- **Required work**
Reprint the lines below as they are, minus the pictures.

- **Available data**
◇ ◇ ◇

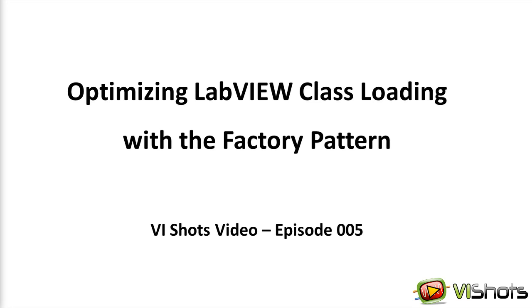Hello, this is Michael Ivaliotis. In this video I will share with you a technique that I use when I want to be selective of how LabVIEW child classes load into memory. The technique I use is called the Factory Pattern.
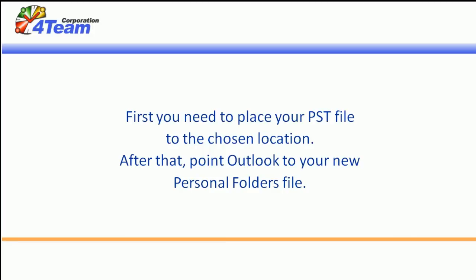First you need to place your PST file to the chosen location. After that, point Outlook to your new personal folders file. Here is how you do it.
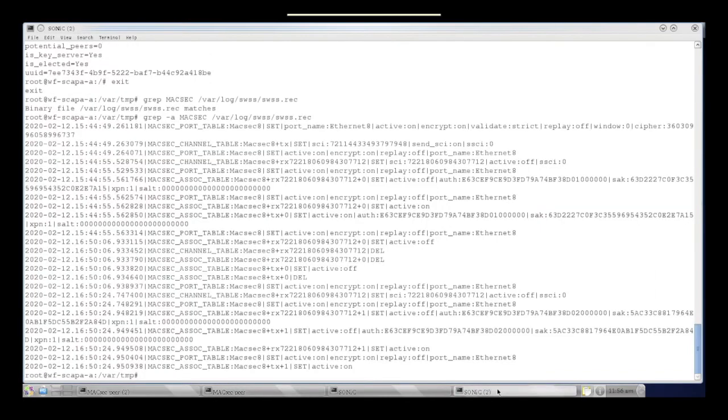We can also look at MaxSec activity by examining the normal Sonic logs.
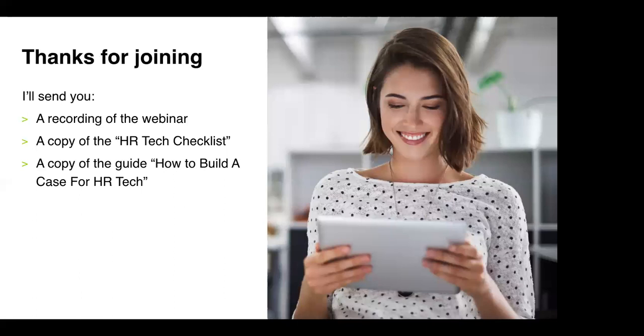Well it doesn't seem to be any other questions about the checklist guys so I think what we'll do is wrap up there. Yeah, thanks so much for joining me and look forward to the next webinar. Thanks very much, have a great day.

◇ ◇ ◇

- **Expected answer**
Hello, this is Michael Ivaliotis. In this video I will share with you a technique that I use when I want to be selective of how LabVIEW child classes load into memory. The technique I use is called the Factory Pattern.
First you need to place your PST file to the chosen location. After that, point Outlook to your new personal folders file. Here is how you do it.
We can also look at MaxSec activity by examining the normal Sonic logs.
Well it doesn't seem to be any other questions about the checklist guys so I think what we'll do is wrap up there. Yeah, thanks so much for joining me and look forward to the next webinar. Thanks very much, have a great day.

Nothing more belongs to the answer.